Witness, for instance, the slough into which gallantry had fallen at no later day than the times of Charles. Compare the poetry of Thomas Carew, a man of great learning, wit, and genius, attached to the court of this monarch, with the gallant poetry of the Troubadours of the eleventh and twelfth centuries, and it is like descending from the fresh mountain air into the putrid atmosphere of a charnel-house. The following verse from Carew is a fair specimen of the effeminacy of the gallant poetry of that time:

"In her fair cheeks two pits do lie,To bury those slain by her eye;So, spite of death, this comforts me, That fairly buried I shall be.My grave with rose and lily spread,O, 'tis a life to be so dead.Come then and kill me with thy eye,For if thou let me live, I die."

The gallant, who in the days of chivalry was either a bold knight, fighting for the glory of his country and the honor of his fair lady, or a scarcely less chivalrous Troubadour singing her charms in strains that made the age in love with virtue, has here descended to a false, intriguing, and corrupt adulator, whose love is a fever, and whose gallantry is a trap for a woman's honor.

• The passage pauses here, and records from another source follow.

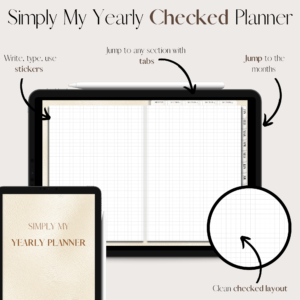 Simply My Yearly Planner | Checked pages | Golden white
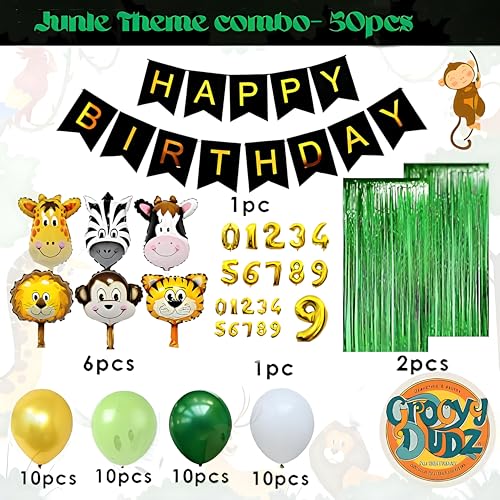 Image of GROOVY DUDZ Jungle Theme 2nd Birth day Decorations for Boys - 50 Pcs Baby Boy Birth day Decoration Kit with Balloons, Banner, Party Supplies & Decoration Items for 2 Year Old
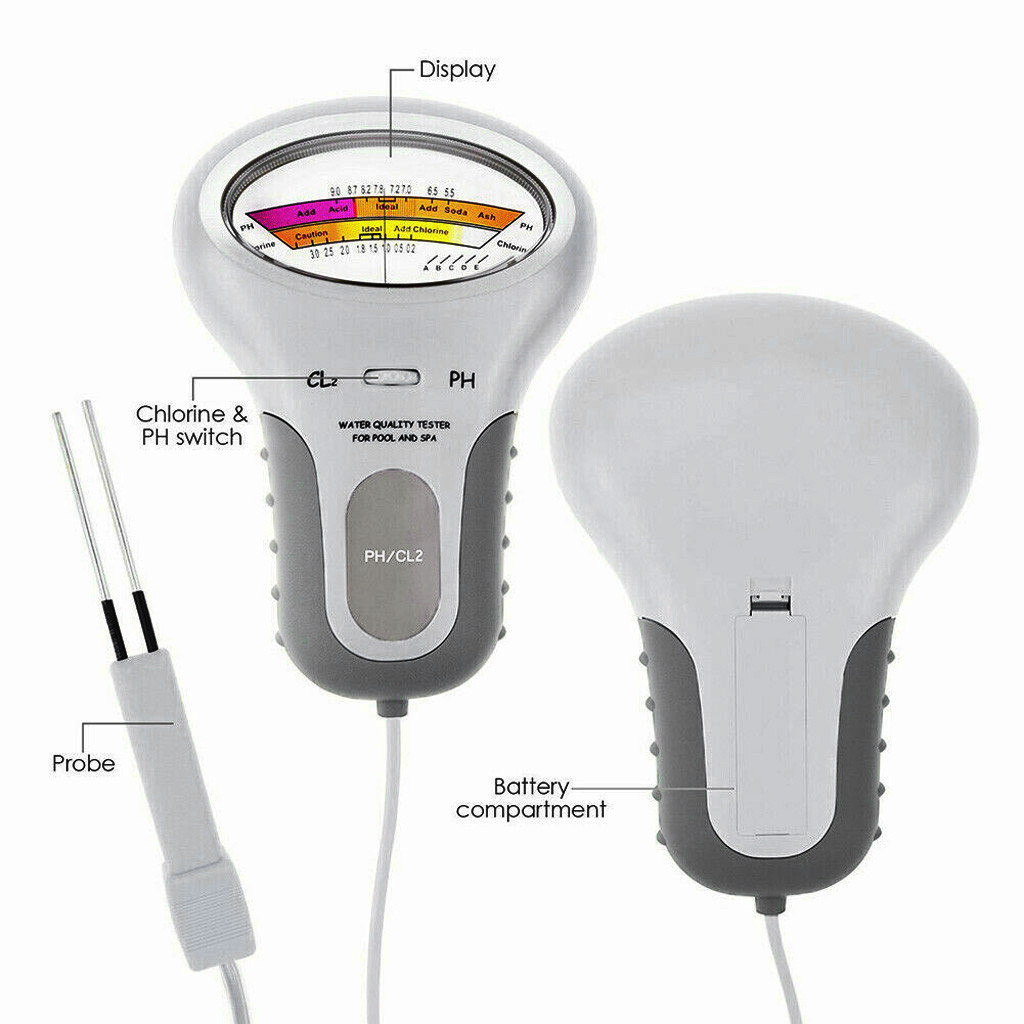 Digital Water Quality Ph Cl2 Chlorine Tester Level Meter For Swimming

Louis XIV., though he was perhaps the most gallant monarch that ever lived, was still unlike Charles II.; and his court, though one of the gayest in the history of the world, was unstained by many of the excesses that disgraced that of Charles II. Louis XIV. was a gallant without being a roué; though we are able to say these pleasant things of the French king only when we compare him with the English Charles. But it may perhaps be passed to the credit of his self-respect and refined taste, that the ladies who were his favorites were among not only the most beautiful, but the most refined and we may almost say the best women of France.

We may refer to the beautiful and gentle-minded Madame de la Vallière, who really loved the man, and not the sovereign, in Louis XIV. When the death of the son she had by that king was announced, she said—"Alas! I have less reason to be grieved for his death than for his birth."

Many years before this accomplished lady died, she retired into a convent, and while there she wrote a devotional treatise entitled "Reflections upon the Mercy of God." The eloquent Bossuet preached a sermon upon her taking the veil, at which were present Louis the Fourteenth's queen and all the court. The text was peculiar, especially for Louis's queen to hear—"And he that sat upon the throne, said, I will renew all things."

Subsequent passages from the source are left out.